Item 9. Undertakings.
(a)The undersigned registrant hereby undertakes:
(1)To file, during any period in which offers or sales are being made, a post-effective amendment to this Registration Statement:
(i)To include any prospectus required by section 10(a)(3) of the Securities Act of 1933;
(ii)To reflect in the prospectus any facts or events arising after the effective date of the Registration Statement (or the most recent post-effective amendment thereof) which, individually or in the aggregate, represent a fundamental change in the information set forth in the Registration Statement. Notwithstanding the foregoing, any increase or decrease in volume of securities offered (if the total dollar value of securities offered would not exceed that which was registered) and any deviation from the low or high end of the estimated maximum offering range may be reflected in the form of prospectus filed with the Commission pursuant to Rule 424(b) if, in the aggregate, the changes in volume and price represent no more than a 20 percent change in the maximum aggregate offering price set forth in the “Calculation of Registration Fee” table in the effective Registration Statement;
(iii)To include any material information with respect to the plan of distribution not previously disclosed in the Registration Statement or any material change to such information in the Registration Statement;
provided, however, that paragraphs (1)(i) and (1)(ii) of this section do not apply if the information required to be included in a post-effective amendment by those paragraphs is contained in reports filed with or furnished to the Commission by the registrant pursuant to Section 13 or 15(d) of the Exchange Act that are incorporated by reference in the Registration Statement.
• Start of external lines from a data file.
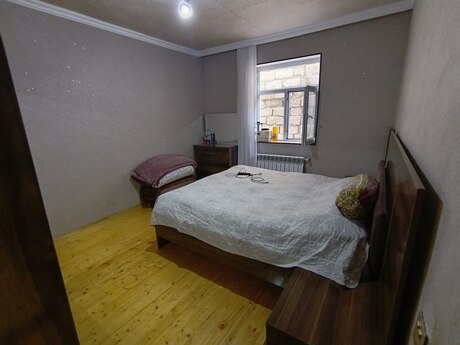 7 otaqlı həyət evi, 250 m², Hövsan: 148 000 ₼ 5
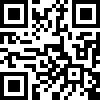 https://isna.ir/xdWjHW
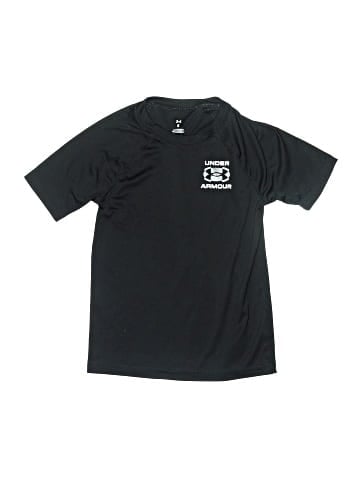 Under Armour Active T-Shirt (view 1)
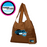 Polyester Z-Tote *Fully Customizable* Bag Ban Approved,[wholesale],[Simply+Green Solutions]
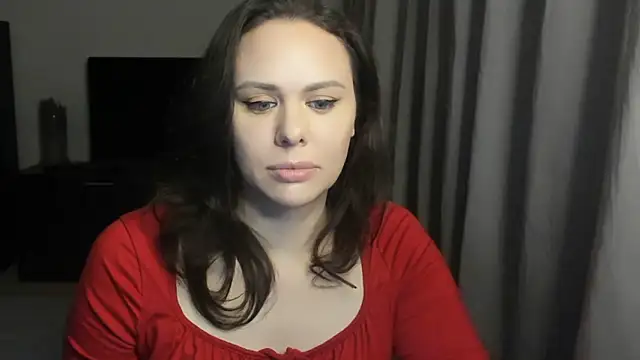 Chatroom XXX en direct de MollyCheiz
(2)That, for the purpose of determining any liability under the Securities Act, each such post-effective amendment shall be deemed to be a new registration statement relating to the securities offered therein, and the offering of such securities at that time shall be deemed to be the initial bona fide offering thereof.
(3)To remove from registration by means of a post-effective amendment any of the securities being registered which remain unsold at the termination of the offering.
(b)That, for purposes of determining liability under the Securities Act of 1933, each filing of the Registrant’s annual report pursuant to Section 13(a) or Section 15(d) of the Securities Exchange Act of 1934 (and, where applicable, each filing of an employee benefit plan’s annual report pursuant to Section 15(d) of the Securities Exchange Act of 1934) that is incorporated by reference in the Registration Statement shall be deemed to be a new registration statement relating to the securities offered therein, and the offering of such securities at that time shall be deemed to be the initial bona fide offering thereof.
(c)Insofar as indemnification for liabilities arising under the Securities Act of 1933 may be permitted to directors, officers and controlling persons of the Registrant pursuant to the foregoing provisions, or otherwise, the Registrant has been advised that in the opinion of the Commission such indemnification is against public policy as expressed in
the Securities Act and is, therefore, unenforceable. In the event that a claim for indemnification against such liabilities (other than the payment by the Registrant of expenses incurred or paid by a director, officer or controlling person of the Registrant in the successful defense of any action, suit or proceeding) is asserted by such director, officer or controlling person in connection with the securities being registered, the Registrant will, unless in the opinion of its counsel the matter has been settled by controlling precedent, submit to a court of appropriate jurisdiction the question whether such indemnification by it is against public policy as expressed in the Securities Act and will be governed by the final adjudication of such issue.